* [Problem description]: Set down the data below in full, exactly as it reads, but without the pictures.
Extracted material section start
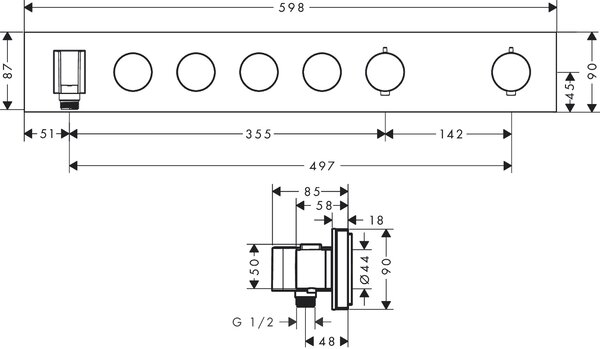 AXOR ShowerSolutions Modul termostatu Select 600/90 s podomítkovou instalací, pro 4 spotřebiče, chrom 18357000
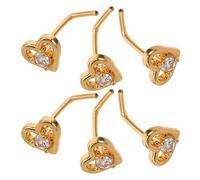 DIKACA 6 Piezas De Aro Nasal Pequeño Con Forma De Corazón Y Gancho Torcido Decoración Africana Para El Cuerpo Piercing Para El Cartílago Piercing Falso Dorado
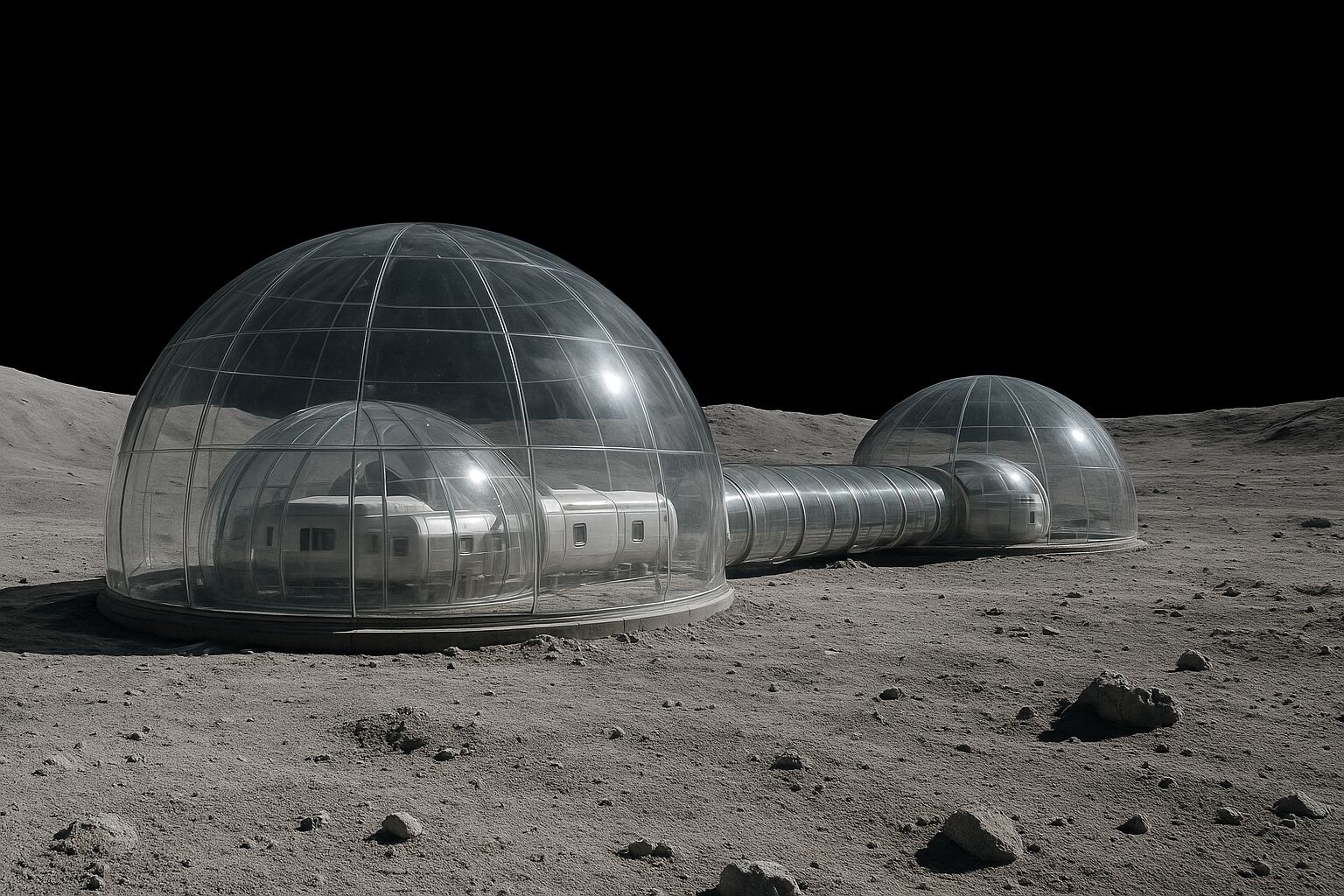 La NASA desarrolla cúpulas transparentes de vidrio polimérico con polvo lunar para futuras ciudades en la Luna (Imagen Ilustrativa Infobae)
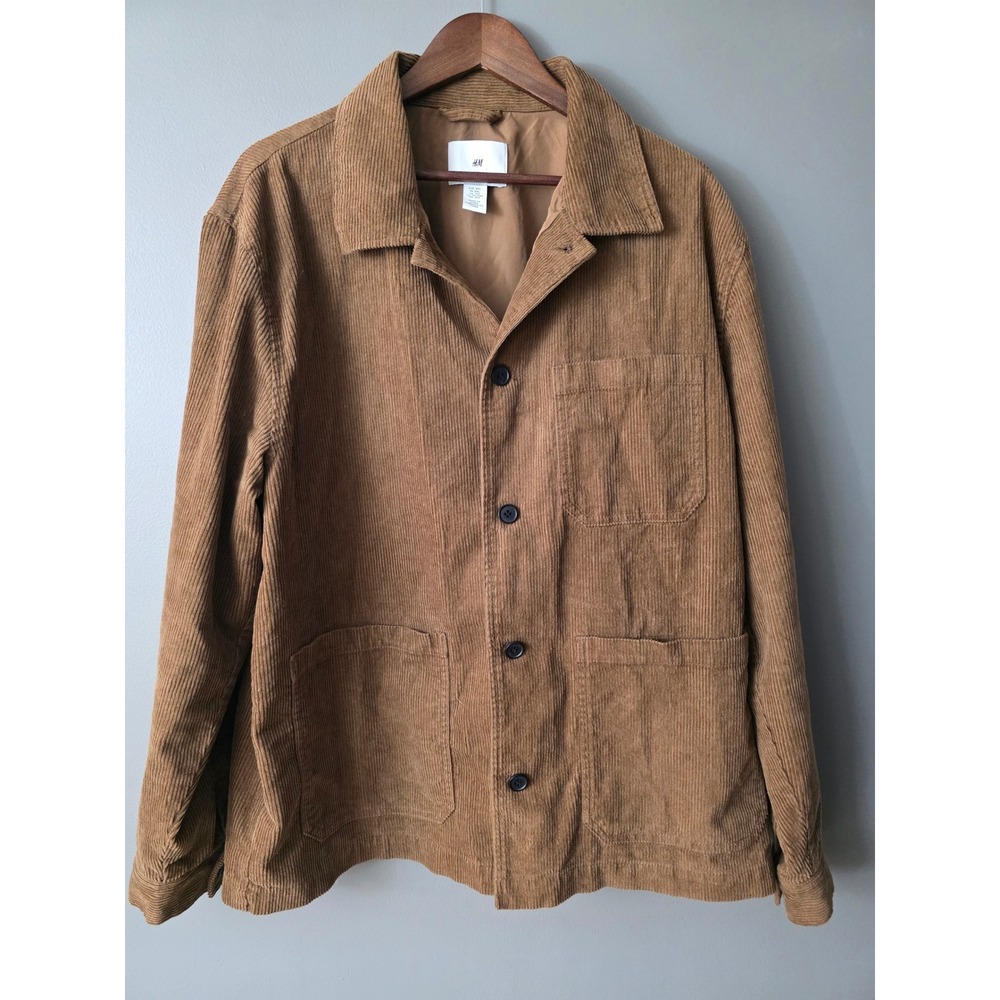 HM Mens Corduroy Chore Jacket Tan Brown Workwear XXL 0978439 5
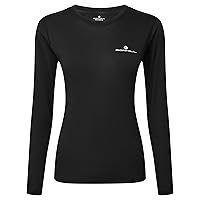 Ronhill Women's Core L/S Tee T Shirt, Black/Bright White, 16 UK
Extracted material section end
* [Output for this task]:
 AXOR ShowerSolutions Modul termostatu Select 600/90 s podomítkovou instalací, pro 4 spotřebiče, chrom 18357000
 DIKACA 6 Piezas De Aro Nasal Pequeño Con Forma De Corazón Y Gancho Torcido Decoración Africana Para El Cuerpo Piercing Para El Cartílago Piercing Falso Dorado
 La NASA desarrolla cúpulas transparentes de vidrio polimérico con polvo lunar para futuras ciudades en la Luna (Imagen Ilustrativa Infobae)
 HM Mens Corduroy Chore Jacket Tan Brown Workwear XXL 0978439 5
 Ronhill Women's Core L/S Tee T Shirt, Black/Bright White, 16 UK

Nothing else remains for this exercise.